Reproduce the listing below from the line with "Okay, so moving" to the line with "I love being", both lines included, character for character, minus any pictures.
====== Task input ======
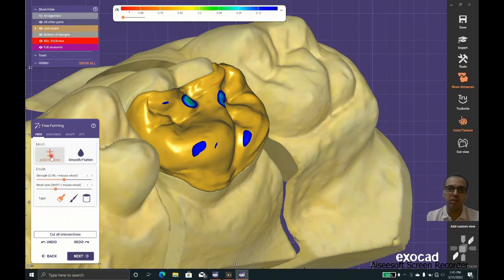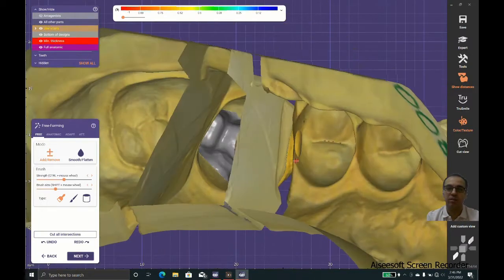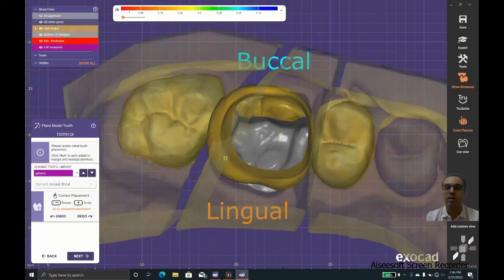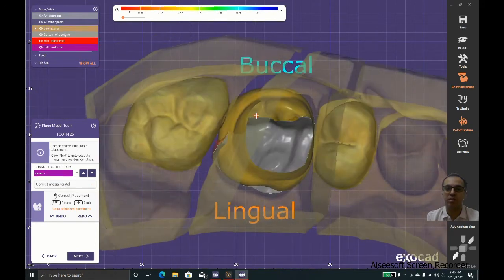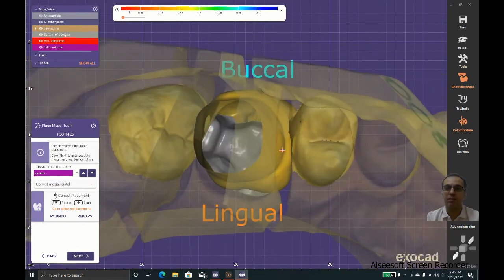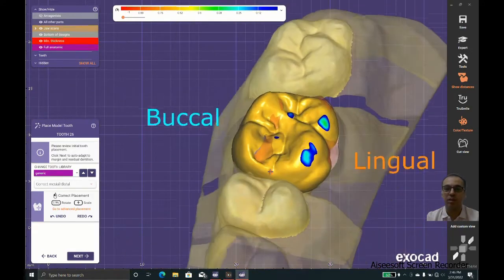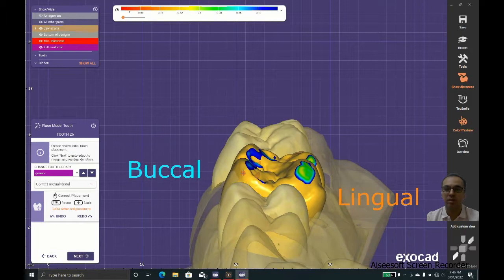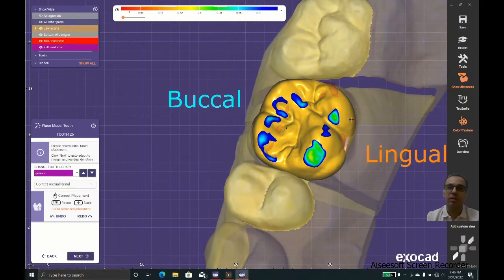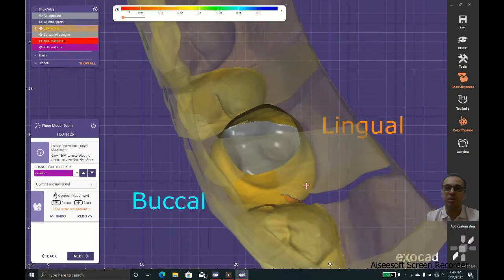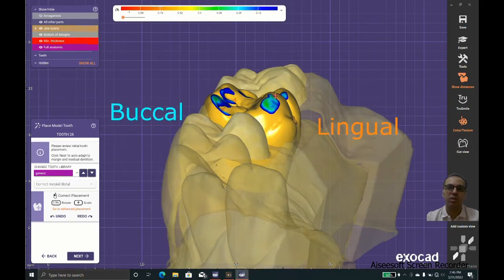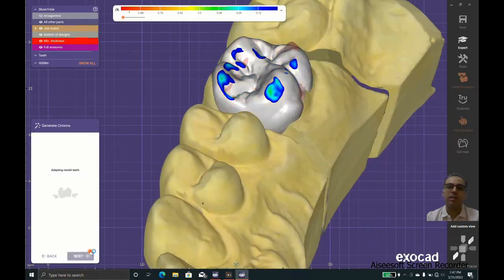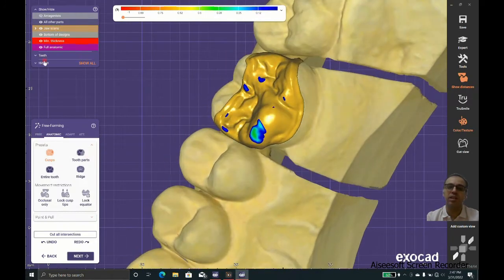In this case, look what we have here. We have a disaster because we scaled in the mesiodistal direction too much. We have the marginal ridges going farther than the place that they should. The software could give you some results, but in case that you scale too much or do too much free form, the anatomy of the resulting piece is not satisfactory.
======
====== Task input ======
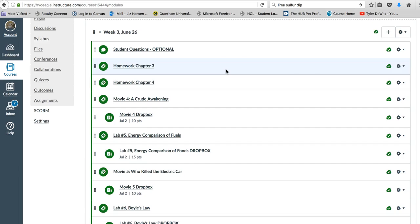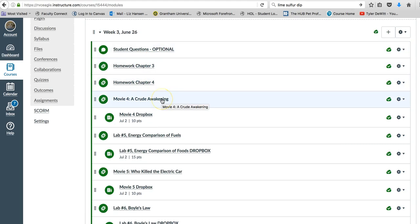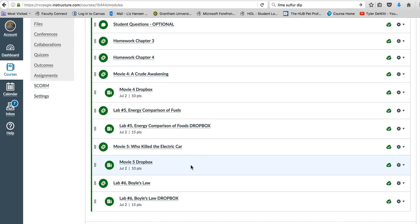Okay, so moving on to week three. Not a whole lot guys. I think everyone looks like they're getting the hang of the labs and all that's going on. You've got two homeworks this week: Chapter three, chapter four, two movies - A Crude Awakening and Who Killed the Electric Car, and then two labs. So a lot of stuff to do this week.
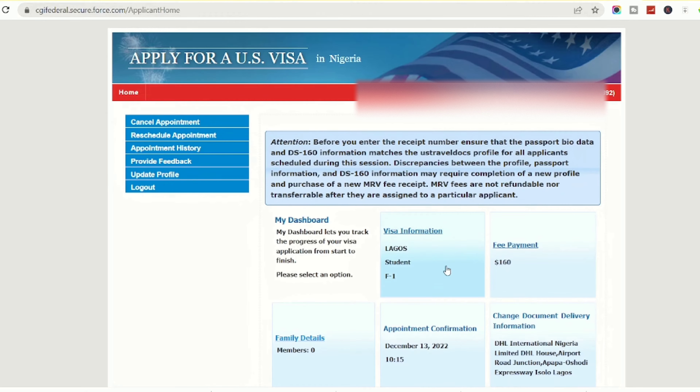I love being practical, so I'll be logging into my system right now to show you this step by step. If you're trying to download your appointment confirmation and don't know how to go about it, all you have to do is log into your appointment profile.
======
Task answer.
Okay, so moving on to week three. Not a whole lot guys. I think everyone looks like they're getting the hang of the labs and all that's going on. You've got two homeworks this week: Chapter three, chapter four, two movies - A Crude Awakening and Who Killed the Electric Car, and then two labs. So a lot of stuff to do this week.
I love being practical, so I'll be logging into my system right now to show you this step by step. If you're trying to download your appointment confirmation and don't know how to go about it, all you have to do is log into your appointment profile.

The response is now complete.